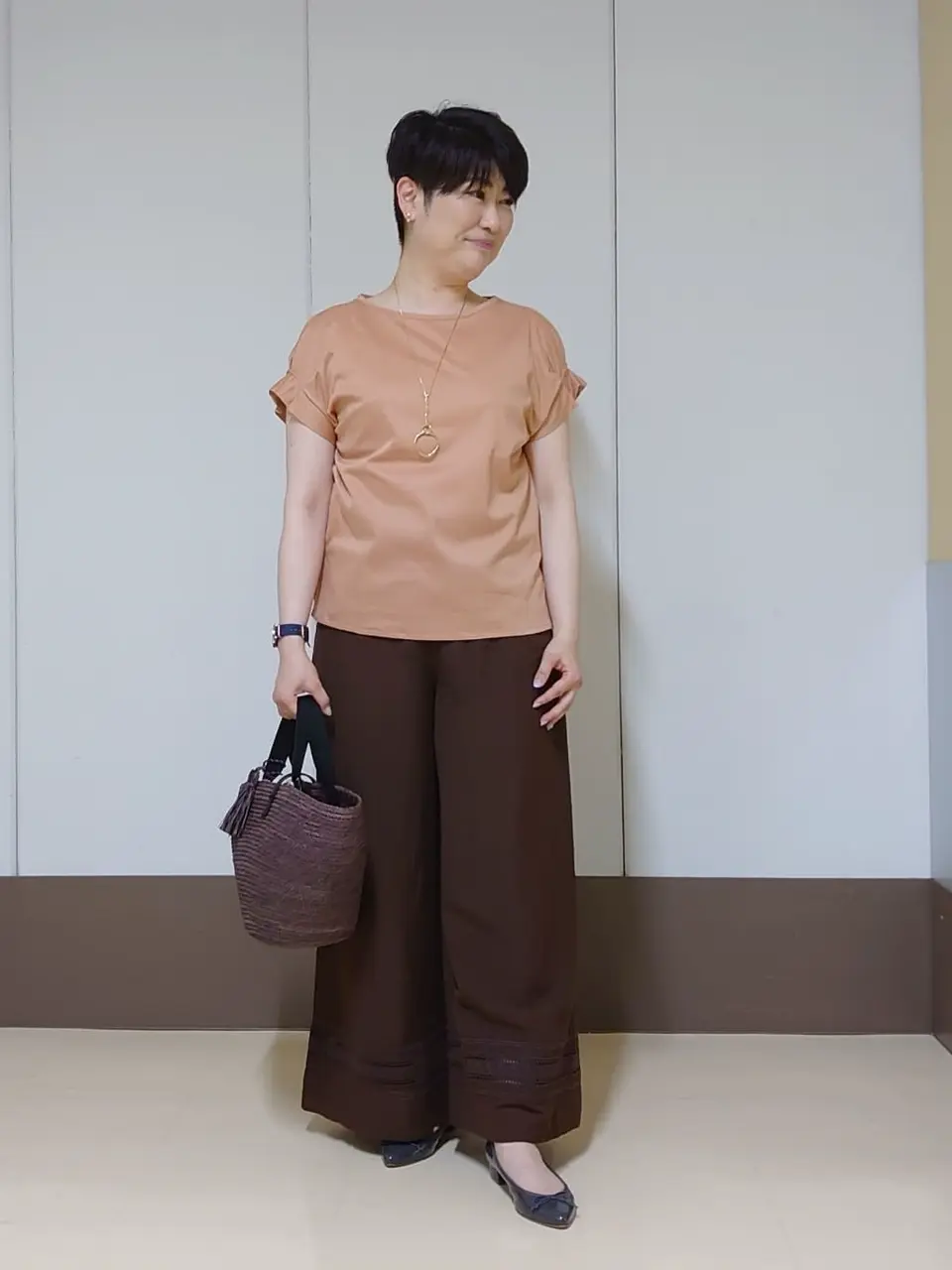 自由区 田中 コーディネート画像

...

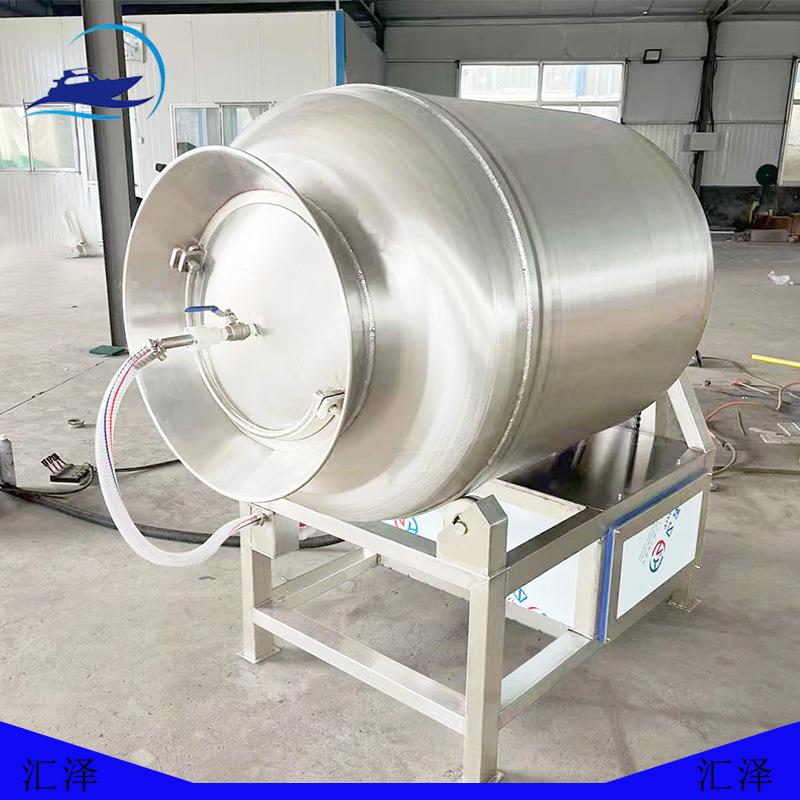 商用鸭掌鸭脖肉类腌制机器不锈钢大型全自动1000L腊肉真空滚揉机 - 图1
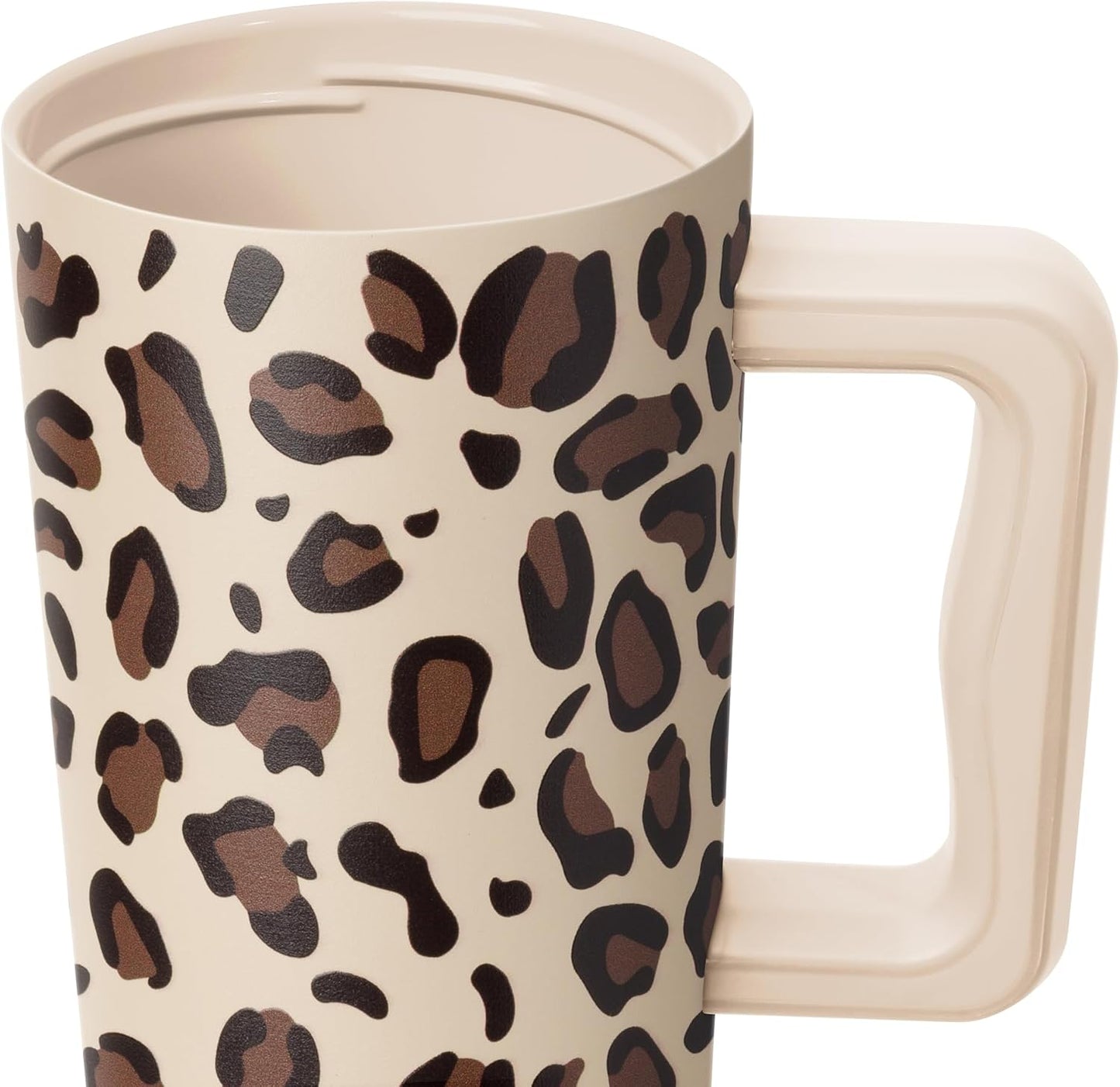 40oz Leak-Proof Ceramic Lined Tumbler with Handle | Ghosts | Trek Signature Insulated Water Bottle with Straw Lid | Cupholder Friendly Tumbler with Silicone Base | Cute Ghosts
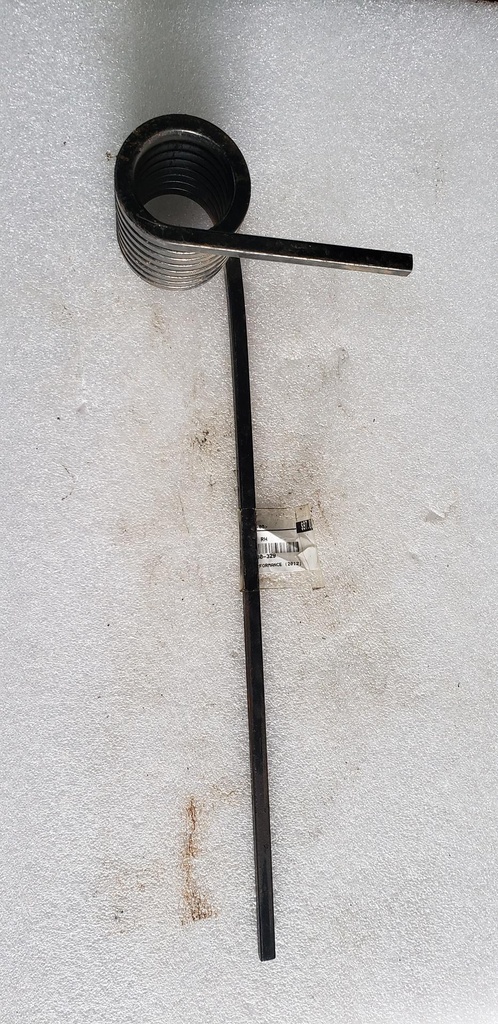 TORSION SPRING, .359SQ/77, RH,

==

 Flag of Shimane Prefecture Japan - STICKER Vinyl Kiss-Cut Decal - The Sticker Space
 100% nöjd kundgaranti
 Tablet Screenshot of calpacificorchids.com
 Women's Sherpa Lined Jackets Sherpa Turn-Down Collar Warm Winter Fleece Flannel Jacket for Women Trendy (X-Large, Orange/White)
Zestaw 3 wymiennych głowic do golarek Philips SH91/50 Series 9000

• [Brief]: Give back exactly the lines above, from the line containing "Women's Sherpa Lined" through the line containing "Zestaw 3 wymiennych", with both end lines and nothing more.

• [Answer below]:
 Women's Sherpa Lined Jackets Sherpa Turn-Down Collar Warm Winter Fleece Flannel Jacket for Women Trendy (X-Large, Orange/White)
Zestaw 3 wymiennych głowic do golarek Philips SH91/50 Series 9000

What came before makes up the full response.